The Legend of Muirwood
This was my initial exposure to Wheeler back in 2012. I got the first book The Wretched of Muirwood off the free list and put my life entirely on hold (sorry, honey) for the next 36 hours until I finished all three books. I inhaled them. I loved them so much, I posted about it on Facebook.
The wretched (an abandoned child/orphan) in question is Lia, a young teenage girl who works in the kitchens of a serene and remote abbey. She possesses secret magical abilities that no wretched should have, and when she is forced to hide an injured soldier she is caught up in a struggle between a corrupt king and the rebels trying to restore goodness and honor to the kingdom. Wanting desperately to keep her beloved abbey safe from the ravages of war, she will have to explore the depths of her magic and go on a journey to discover the shocking secrets of her origins. Lia is a courageous, capable, and humble heroine who is easy to like and root for. There’s a second Muirwood trilogy I can also recommend called The Covenant of Muirwood, which takes place a few hundred years after the setting of this series.

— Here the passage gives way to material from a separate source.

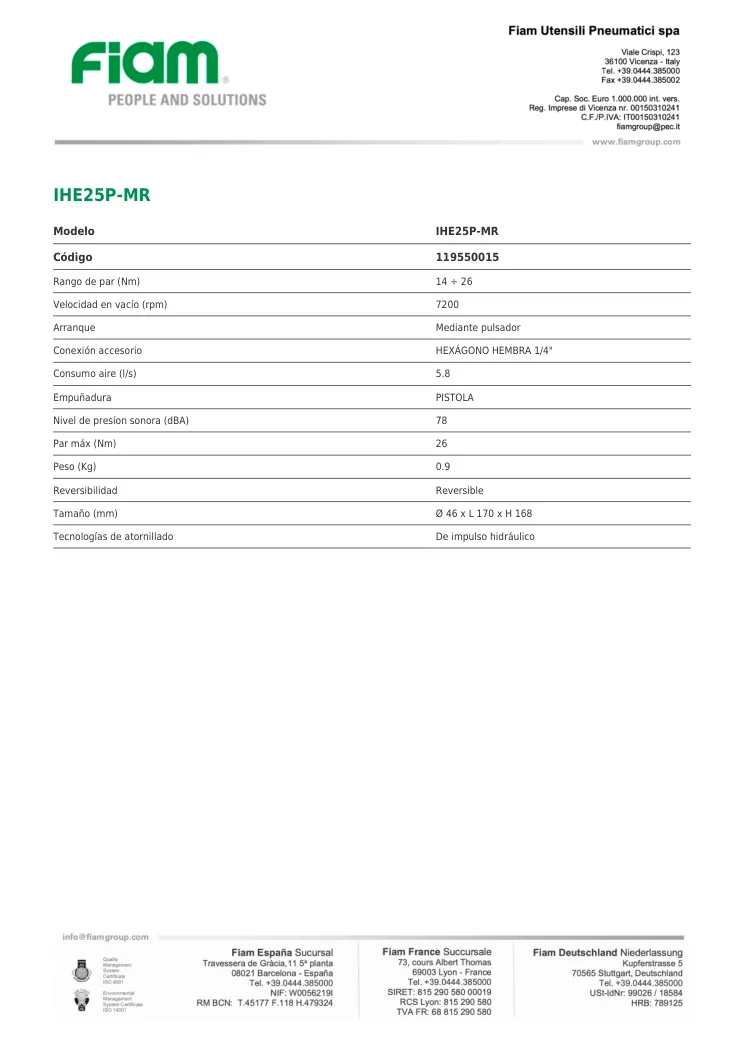 Ficha técnica · IHE25P-MR · IHE25P-MR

This is a 6-part series, but the first three could be a standalone trilogy. The first book is written from the perspective of 8 year old Owen, growing up as a political hostage to a ruthless and paranoid king. He ages into adulthood, and the books follow his rise from scared child to an impressive strategist and lord of the realm. Owen faces difficult decisions as he grows closer to an increasingly desperate and cruel king, and his loyalty to the crown is tested as he is asked to sacrifice the things he holds most dear. The last three books (with the final installment coming out this November) follow the lives of the next generation in Kingsfountain and incorporates elements from the Arthurian legends. The series has battles, politics, magic and wizards, spies and poisoners. And an enchanted, prophetic chess set. So, there’s that.
Some things to know
- Wheeler draws heavily from history. Many of his characters are based on real historical people from English medieval history, such as Richard III, Catherine of Aragon, and her daughter Mary Tudor. He also draws heavily from different world religions and philosophers. If you’re really familiar with world religions and religious texts you might be able to spot what he borrowed and from where, but I found that most of the time it blended nicely and it wasn’t super distracting.
- His books are squeaky, blindingly clean. If smutty or bodice-ripping NA fantasy novels (I’m looking at you, Sarah J Maas) aren’t your cup of tea, then these novels are for you. There’s a romance aspect, with angst and all the feels of young love, but there’s no hot desire pooling in the heroine’s core. Absolutely zero evidence of the hero’s arousal pressed against her stomach. No nipples peak. No pants bulge. No one has a shattering orgasm, let alone a second, even more shattering orgasm. It’s sweet and puritan and you could happily put it in the hands of a 10 year old. That said, it’s also really well written, and if smutty fantasy novels ARE your cup of tea, I think you’ll still find that there’s enough there to keep you interested. Not hot and bothered…but interested.